## AIM OF THE TASK
Once you reach the line that holds "画像4: × PlayStation" in the listing below, output it and every line after it through the line that holds "Franka Denim Jacket", word for word.

(DATASET EXTRACT begins)

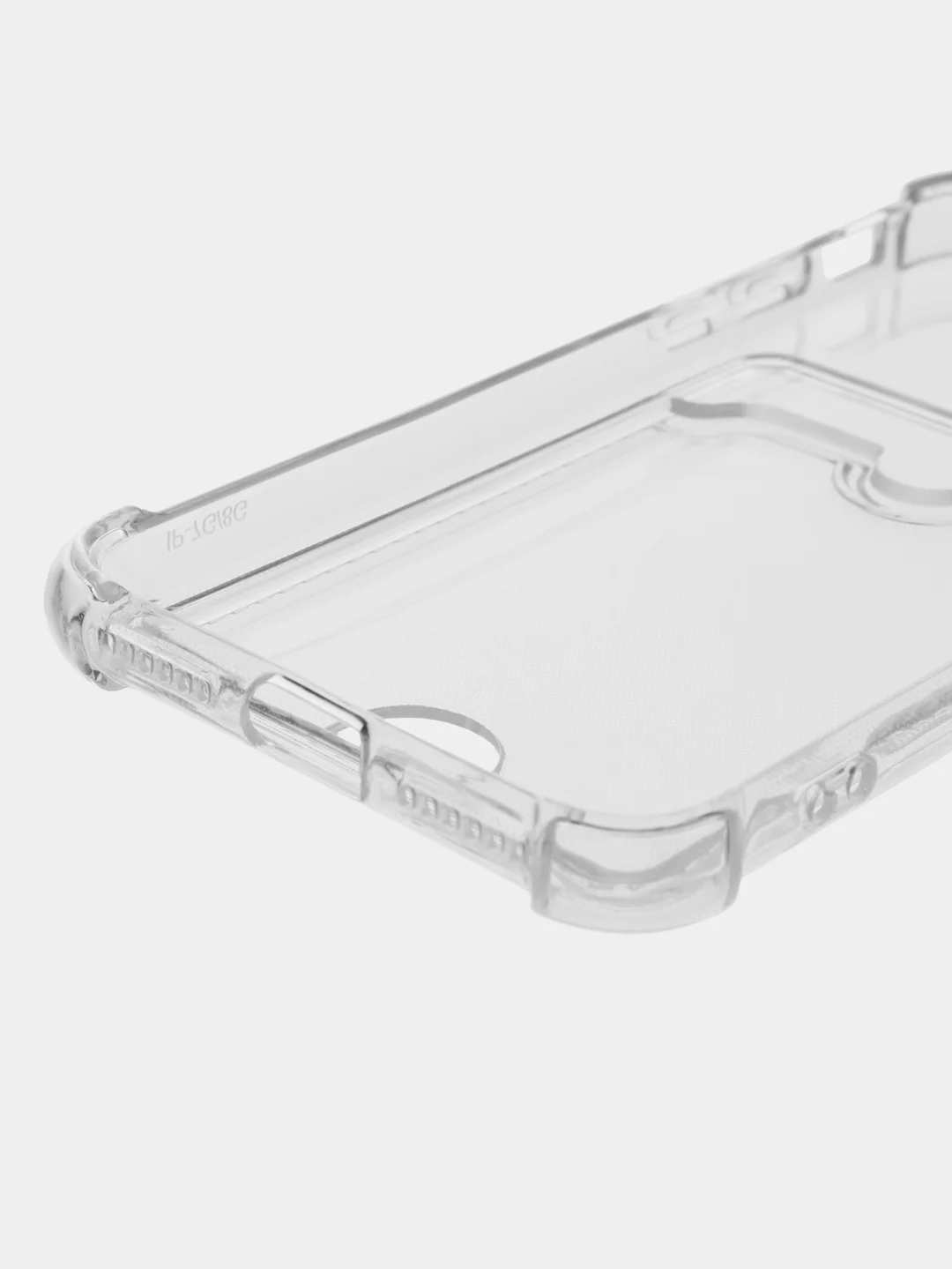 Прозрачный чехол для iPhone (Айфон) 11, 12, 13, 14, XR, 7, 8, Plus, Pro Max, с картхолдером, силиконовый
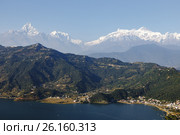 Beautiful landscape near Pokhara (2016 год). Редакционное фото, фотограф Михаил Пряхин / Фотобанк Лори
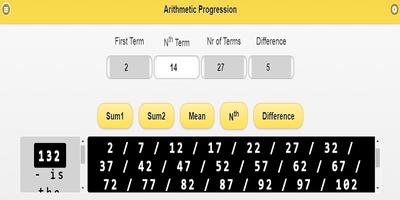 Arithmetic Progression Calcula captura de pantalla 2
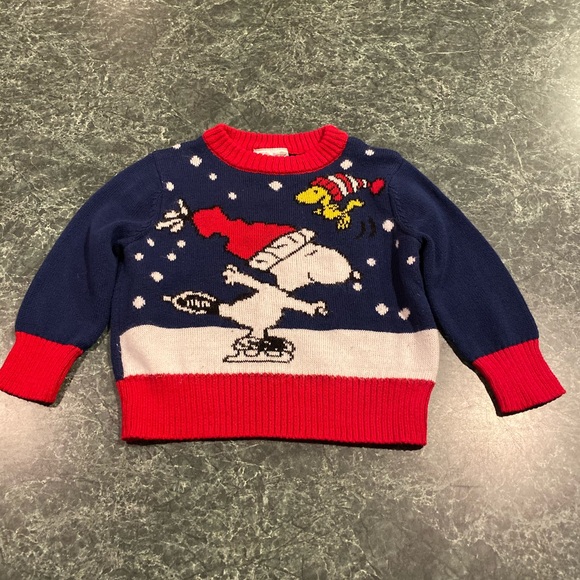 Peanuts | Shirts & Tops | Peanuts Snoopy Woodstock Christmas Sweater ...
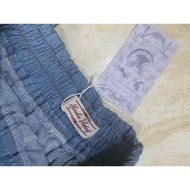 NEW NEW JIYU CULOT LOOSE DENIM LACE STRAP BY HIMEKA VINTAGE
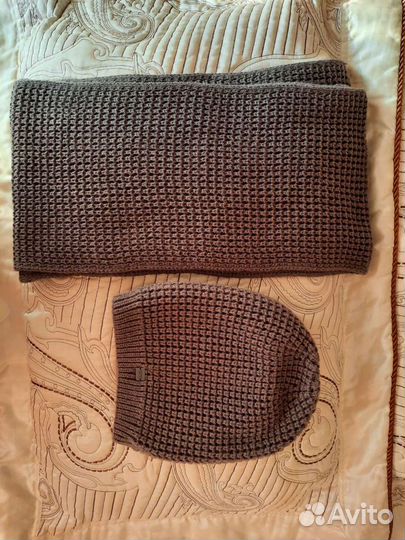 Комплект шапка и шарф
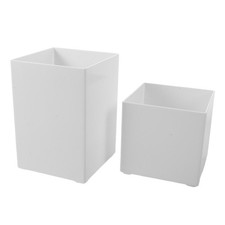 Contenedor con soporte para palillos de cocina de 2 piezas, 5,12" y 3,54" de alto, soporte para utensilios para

(DATASET EXTRACT ends)
(DATASET EXTRACT begins)

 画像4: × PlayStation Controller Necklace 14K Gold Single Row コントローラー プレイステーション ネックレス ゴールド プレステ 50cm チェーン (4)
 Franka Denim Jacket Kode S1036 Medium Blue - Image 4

(DATASET EXTRACT ends)
(DATASET EXTRACT begins)

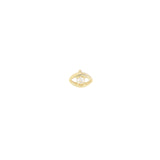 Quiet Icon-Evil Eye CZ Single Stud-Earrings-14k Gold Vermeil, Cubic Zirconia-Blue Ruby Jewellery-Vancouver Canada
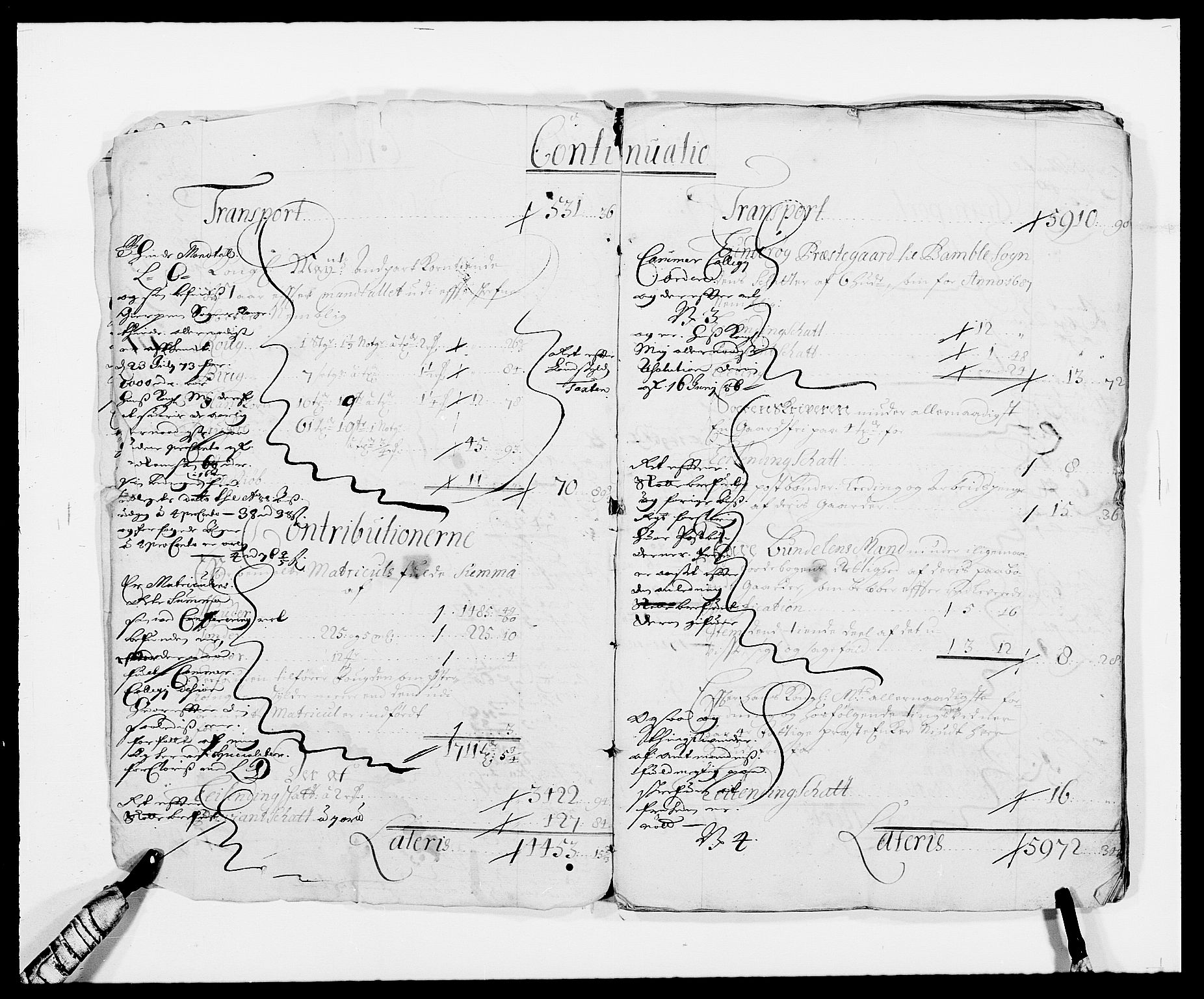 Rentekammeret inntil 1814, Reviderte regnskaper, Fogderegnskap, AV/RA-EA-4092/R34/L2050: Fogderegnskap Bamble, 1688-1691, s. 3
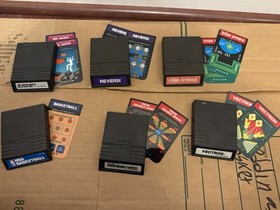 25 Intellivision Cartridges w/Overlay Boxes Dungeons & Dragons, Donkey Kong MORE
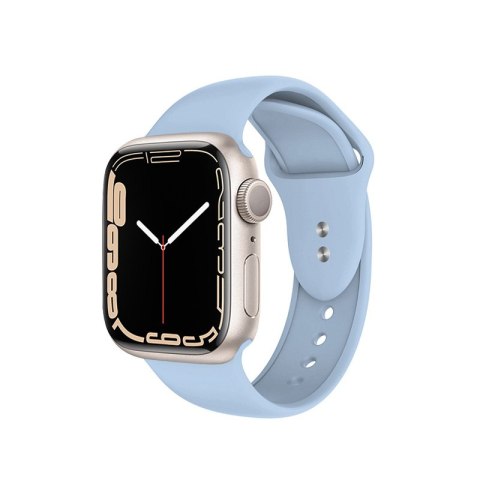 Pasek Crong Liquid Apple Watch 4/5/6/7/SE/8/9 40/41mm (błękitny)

(DATASET EXTRACT ends)

## EXPECTED ANSWER
 画像4: × PlayStation Controller Necklace 14K Gold Single Row コントローラー プレイステーション ネックレス ゴールド プレステ 50cm チェーン (4)
 Franka Denim Jacket Kode S1036 Medium Blue - Image 4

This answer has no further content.